Quelle démarche faut-il suivre lors d’un refus d’une assurance emprunteur ?

Plusieurs types d’assurance existent dans le but d’aider les citoyens dans leur vie quotidienne. Toute personne pourra avoir droit à l’assurance emprunteur ou de prêt si elle répond à des conditions définies. Cependant, il arrive que la demande d’assurance emprunteur soit refusée. Que faire dans ce cas ? Nous vous présentons la réponse à cette question dans cet article.

Assurance emprunteur, qu’est-ce que c’est ?

L’assurance emprunteur ou assurance de prêt est un type d’assurance souvent demandée par les prêteurs pour pouvoir faire une demande de prêt. Elle permet de garantir la prise en charge totale ou partielle du remboursement de crédit si un événement quelconque survient. Les garanties prises en charge à travers l’assurance emprunteur sont les suivantes :

  • Le décès ;
  • Le chômage ;
  • L’invalidité permanente ou partielle ;
  • La perte totale et irréversible de l’autonomie ;
  • L’incapacité temporaire de travail.

La souscription à l’assurance emprunteur n’est pas obligatoire, mais elle peut être exigée par les prêteurs. Afin d’en bénéficier, il suffit de remplir une fiche sur l’état de santé général de la personne et de l’envoyer à l’assureur. La demande peut être acceptée ou pas, selon le profil de la personne et le risque qu’elle représente.

Le recours à l’assurance emprunteur peut se faire si l’emprunt concerne un crédit immobilier ou un crédit de consommation.

Pourquoi une assurance emprunteur peut être refusée ?

Il arrive que la souscription à l’assurance de prêt soit refusée. En général, la raison du refus la plus fréquente concerne l’état de santé de l’assuré. Si une personne est malade ou qu’elle souffre d’un handicap, elle représente un risque aggravé pour l’assureur et il peut donc refuser de la couvrir même si cette dernière recourt à la convention AERAS (s’Assurer et Emprunter avec un Risque Aggravé de Santé).

Le refus de l’assurance emprunteur n’est pas forcément total, il peut concerner quelques garanties de l’assurance seulement. Mais dans tous les cas, cela est considéré comme un refus et le motif du refus doit être clairement indiqué par l’assureur. Les motifs de refus d’une assurance emprunteur peuvent être ceux qui suivent :

  • L’état de santé de la personne ;
  • L’obésité et le surpoids ;
  • La situation instable de la personne (travail instable, etc.) ;
  • L’apnée de sommeil.

Quelles solutions sont possibles face à un refus d’une assurance de prêt ?

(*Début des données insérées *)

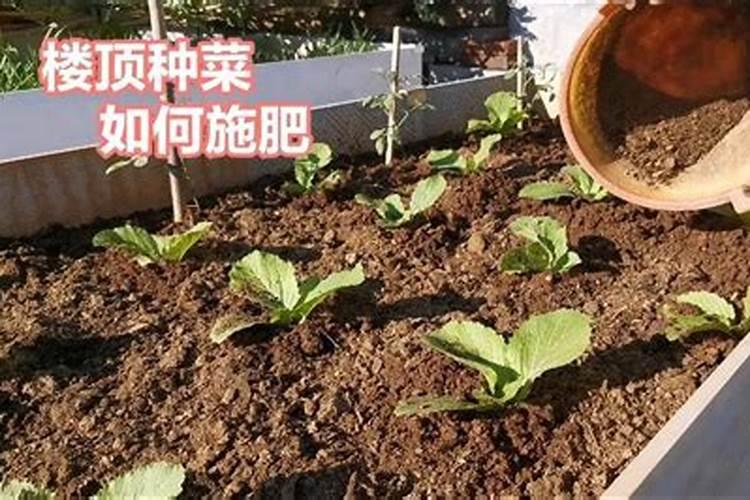 快菜的种植方法和时间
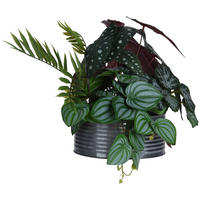 KUNSTPFLANZE 39/29/34 cm - Grün, Kunststoff (34cm) - Home Styling Collection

Malheureusement, 99 % des banques exigent l’assurance emprunteur pour accorder un prêt à une personne. Après avoir reçu un refus, plusieurs solutions sont envisageables pour transformer cette décision en un accord selon le motif du refus. Dans le cadre d’un refus d’une assurance emprunteur, il est très recommandé de faire appel aux services d’un courtier en assurance de prêt qualifié pour orienter la personne dans sa démarche. Parmi les solutions possibles, il y a :

La délégation d’assurance

La loi Lagarde permet aux personnes de déléguer leur assurance emprunteur à un assureur externe pour avoir plus de chances d’avoir un accord. En aucun cas l’assuré n’est obligé de souscrire à l’assurance proposée par sa banque.

La convention AERAS

La convention AERAS représente un dispositif qui offre la possibilité aux personnes avec un risque aggravé de santé de bénéficier d’une assurance emprunt. Les conditions nécessaires pour recourir à la convention AERAS sont les suivantes :

  • Souffrir d’un handicap, d’une maladie chronique ou d’une invalidité permanente ou partielle ;
  • Être âgé de moins de 70 ans lors du dernier jour du remboursement ;
  • La part d’emprunt à assurer ne doit pas dépasser les 320 000 €.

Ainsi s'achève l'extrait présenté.